ABOUT THIS EXERCISE: Once you find the line with "Встраиваемый светодиодный светильник" in the entries below, return exactly every line from it through the line with "Norrøna Men's Lofoten".

INFORMATION SUPPLIED:

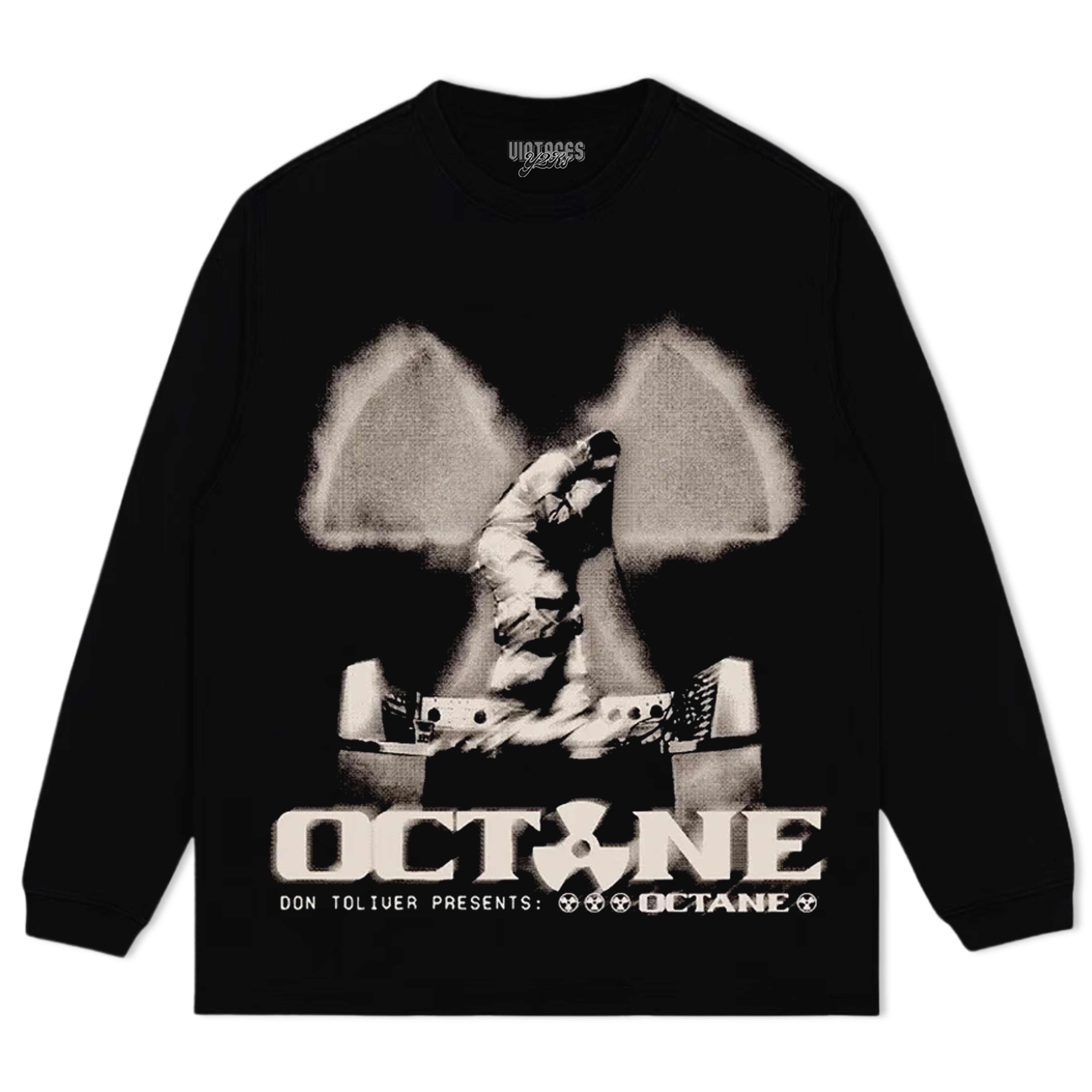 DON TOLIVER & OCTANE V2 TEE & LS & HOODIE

* * *

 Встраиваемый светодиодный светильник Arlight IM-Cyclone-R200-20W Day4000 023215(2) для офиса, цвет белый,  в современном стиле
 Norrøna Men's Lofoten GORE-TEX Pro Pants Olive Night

RESULT OF THIS TASK:
 Встраиваемый светодиодный светильник Arlight IM-Cyclone-R200-20W Day4000 023215(2) для офиса, цвет белый,  в современном стиле
 Norrøna Men's Lofoten GORE-TEX Pro Pants Olive Night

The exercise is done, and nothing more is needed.